My follow up specifically on the question "Is this correct? That is the ring of endomorphisms defined over the prime field is always commutative?"

Theorem 13.6. says that if $E$ is an elliptic curve over $\mathbb{F}_q$ where $q=p^e$ for some $e\in \mathbb{N}, p$ prime and $\pi_E \notin \mathbb{Z}$, then $(\text{End}^0_{\mathbb{F}_q}(E) =)\text{End}^0(E) \cong \mathbb{Q}(\sqrt{\text{tr}(\pi_E)-4q})$ which is an imaginary quadratic field.

Theorem 13.8 says that if $E$ is an elliptic curve over $\mathbb{F}_q$ s.t. $\text{End}_{\mathbb{F}_q}^0(E)$ is an imaginary quadratic field $K$, then $\mathbb{Z}[\pi_E] \subseteq \text{End}_{\mathbb{F}_q}(E) \subseteq \mathcal{O}_K$ (as rings). $\mathcal{O}_K$ denotes the ring of integers of $K$.

Therefore, by combination of 13.6 and 13.8 we get that the $\mathbb{F}_q$-rational endomorphism ring of $E$ (denoted as $\text{End}_{\mathbb{F}_q}(E)$) is a (commutative) subring of the commutative $\mathcal{O}_K$ (it's a ring of integers so it is commutative) if $\pi_E \notin \mathbb{Z}$.
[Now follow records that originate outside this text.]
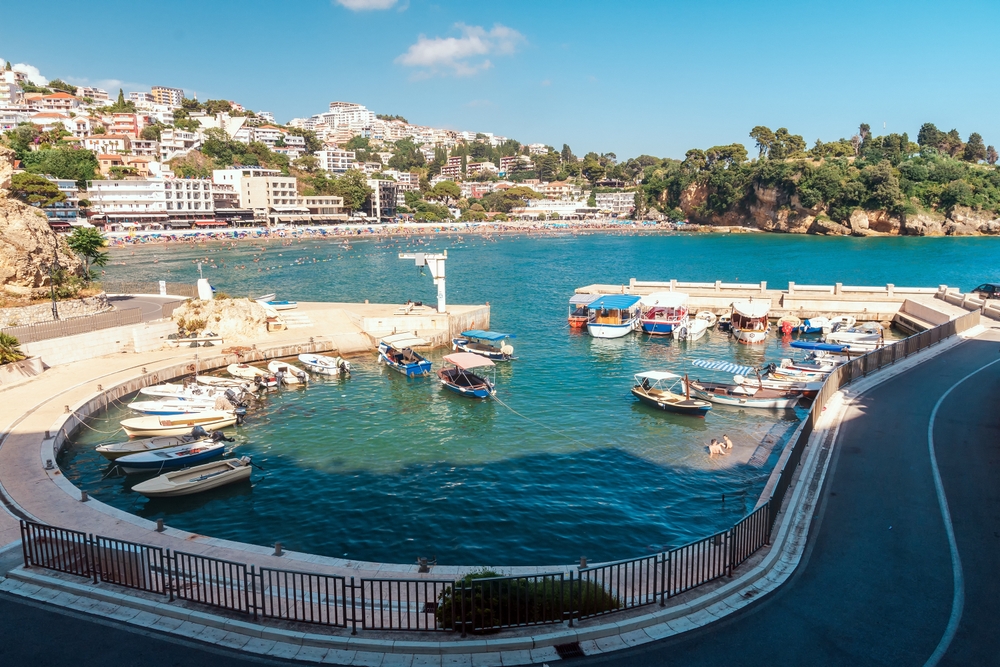 Die Altstadt und der Strand von Ulcinj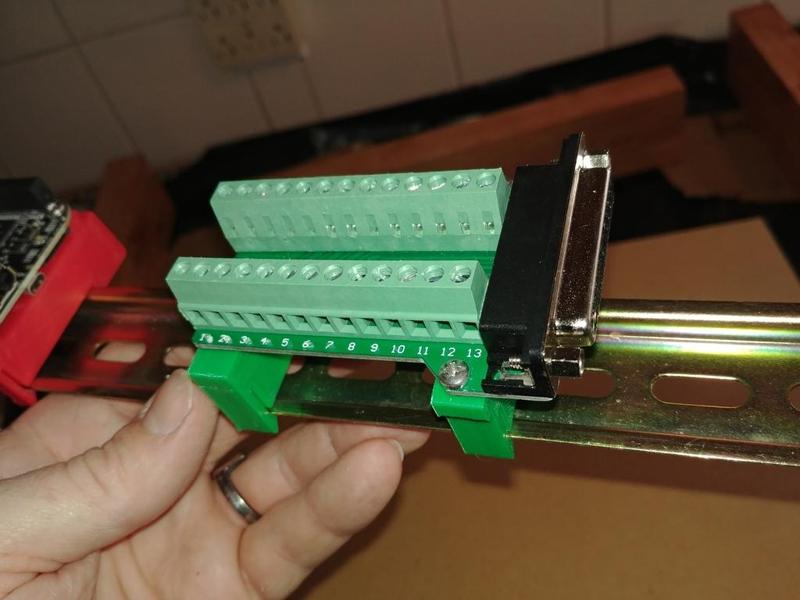 Parametric DIN Clips for Various Items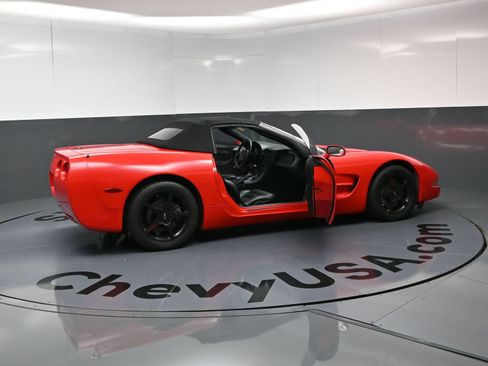 Used 2004 Chevrolet Corvette Convertible w/ Preferred Equipment Group RWD image 24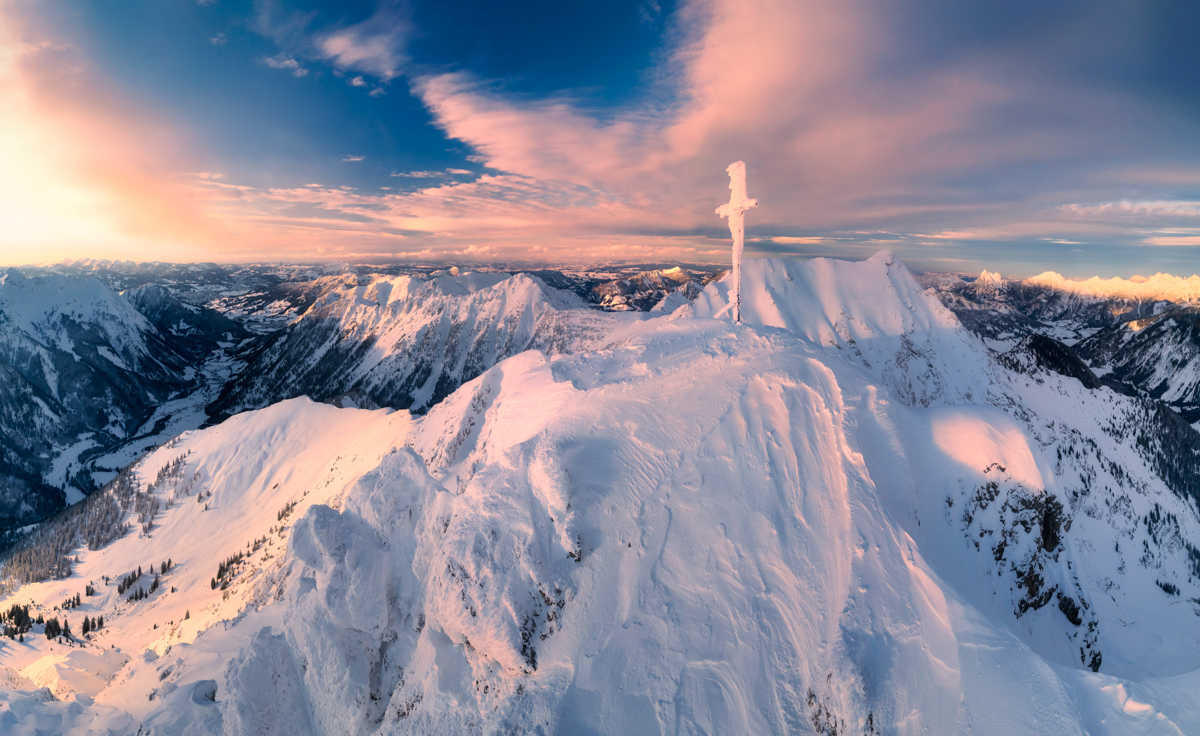 Rauhorn und Gaishorn im Alpenglühen, Verschneiter Gipfel bei Sonnenuntergang, Winterliche Berglandschaft Hinterstein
Some details to clear up possible confusions:

• $\pi_E$ denotes the (special) Frobenius endomorphism of $E$.
• In $\mathbb{Q}(\sqrt{\text{tr}(\pi_E)-4q})$ the $\text{tr}(\pi_E)-4q$ is an integer because $\text{tr}(\cdot)$ denotes the trace map defined over $\text{End}_{\mathbb{F}_q}(E)$ (see Lecture 6: 6.16+6.17) which is always an integer for an endomorphism. ("This" trace map can also be defined over the endomorphism algebra $\text{End}^0_{\mathbb{F}_q}(E) = \text{End}_{\mathbb{F}_q}(E)\otimes_\mathbb{Z} \mathbb{Q}$ and if restricted to endomorphisms (elements of the form $\phi \otimes 1$ for some $\phi \in \text{End}_{\mathbb{F}_q}(E)$) it's equal to the one defined over $\text{End}_{\mathbb{F}_q}(E)$.)
  Therefore, $\mathbb{Q}(\sqrt{\text{tr}(\pi_E)-4q})$ is really an imaginary quadratic field as the integer is negative as shown in the proof 13.6.
• The statement $\pi_E \notin \mathbb{Z}$ means that $\pi_E$ is not equal to a "multiplication by n" endomorphism of the type $[n]$ for some $n\in\mathbb{Z}$. The notation is used because we always have $\mathbb{Z} \subseteq \text{End}_{\mathbb{F}_q}(E)$. (Technically, there the injective map $\mathbb{Z} \rightarrow \text{End}_{\mathbb{F}_q}(E): n \mapsto [n]$.)
• So what if $\pi_E \in \mathbb{Z}$? 13.7 shows that in this case the curve must be supersingular and $e$ must be even ($q=p^e$ from the finite field definition). In your case (a prime field) $e=1$ so $\pi_E \notin \mathbb{Z}$ and Theorem 13.6 applies.
• We can also pose a question about the rational endomorphism ring of supersingular curves defined over a field $\mathbb{F}_{p^e}$ where $e$ is even. I am not sure if the answer is that it's just $\mathbb{Z}$ or if its more complicated (it could be an order in an imaginary quadratic field or in a quaternion algebra). Maybe someone more knowledgable can provide an answer.